Next year MotoGP takes the next step towards achieving its avowed intention of filling the grid with (roughly) equal machinery.

Following the recent introduction of low-cost, streetbike-powered (and therefore uncompetitive) CRT bikes, a new type of machine is now available to privateer teams. These bikes come from Honda and Yamaha, whom rights-holder Dorna had threatened with new technical restrictions if they didn’t get into the spirit of MotoGP’s egalitarian new direction.

Dorna told the factories they must offer for sale two bikes (for one rider) at a target price of €1 million.
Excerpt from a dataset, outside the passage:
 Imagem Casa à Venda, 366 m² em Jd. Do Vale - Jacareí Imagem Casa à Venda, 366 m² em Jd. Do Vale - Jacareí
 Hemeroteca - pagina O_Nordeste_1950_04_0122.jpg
Honda has built a lower-cost version of its RC213V – with steel valve springs instead of the factory bike’s pneumatic springs – while Yamaha is leasing 2013 YZR-M1 engines.
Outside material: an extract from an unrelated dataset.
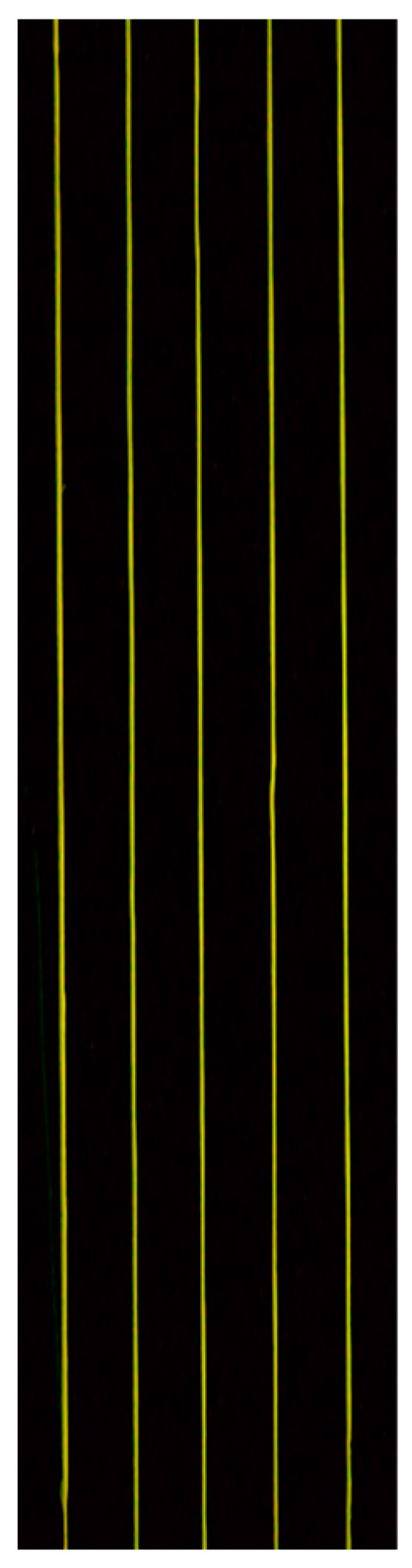 Sensors 24 02510 g012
The manufacturers didn’t want to comply but, if they hadn’t, Dorna planned to introduce an rpm limit and control software, which the factories would do anything to avoid. Yamaha evaded two of Dorna’s demands – it is leasing engines only and leasing rather than selling because it doesn’t want its MotoGP technology in the public domain.

The Honda is already running, tested by none other than Casey Stoner (above). Honda’s recently retired 2011 MotoGP champion was impressed – perhaps not surprisingly.
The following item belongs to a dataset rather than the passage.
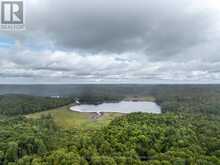 17812 HIGHWAY 35 | Haliburton Ontario | Slide Image Twenty-four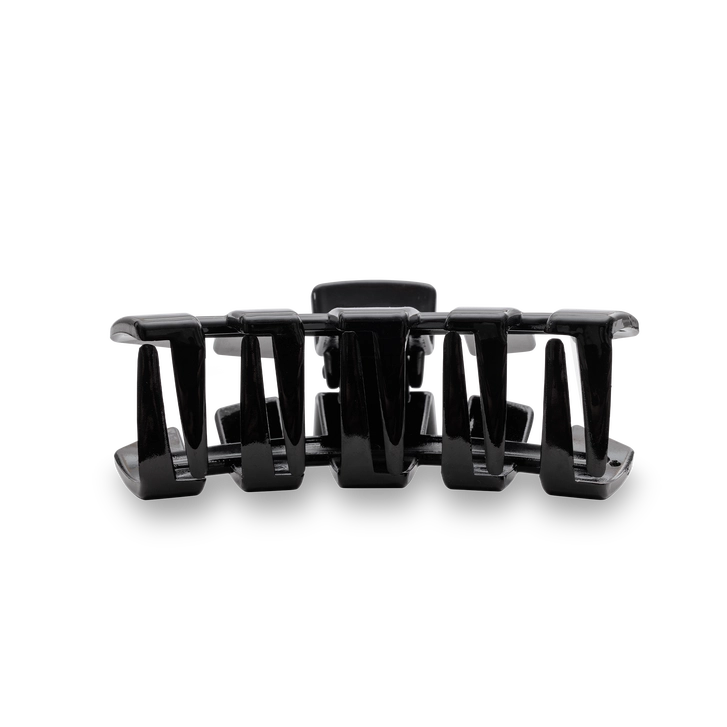 Medium Classic Hair Clip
To close the gap down the grid, Dorna has granted benefits to these new privateer machines, to help them challenge the factory bikes. While privateers must use Dorna’s Magneti Marelli-made spec software, they get to burn 20 per cent more fuel and use more than twice the number of engines in a season.

MotoGP veteran Colin Edwards had yet to ride his M1-powered 2014 machine when this was written, but reckons carrying a generous 24 litres of fuel will make him competitive, especially at tracks where some factory bikes run so low on fuel that their management systems have to turn down the power.

“Theoretically, when you put all the numbers together, it looks like there’s a definite possibility that we will be running near the front,” says the Texan. “Any track where you see people run out of fuel on the last lap or the cool-down lap, those are the thirsty tracks, so that’s where we might have an advantage over factory bikes.”

Stoner – never one to dish out undeserved praise – had a ball on the Honda during testing. “The bike was good to ride and had great grip,” he said. “I enjoyed it because the electronics package wasn’t the same as the factory bike and it allowed me to ride a little more loose. The back end was stepping out into corners and out of corners, which got the blood rushing again and reminded me what I love about racing.”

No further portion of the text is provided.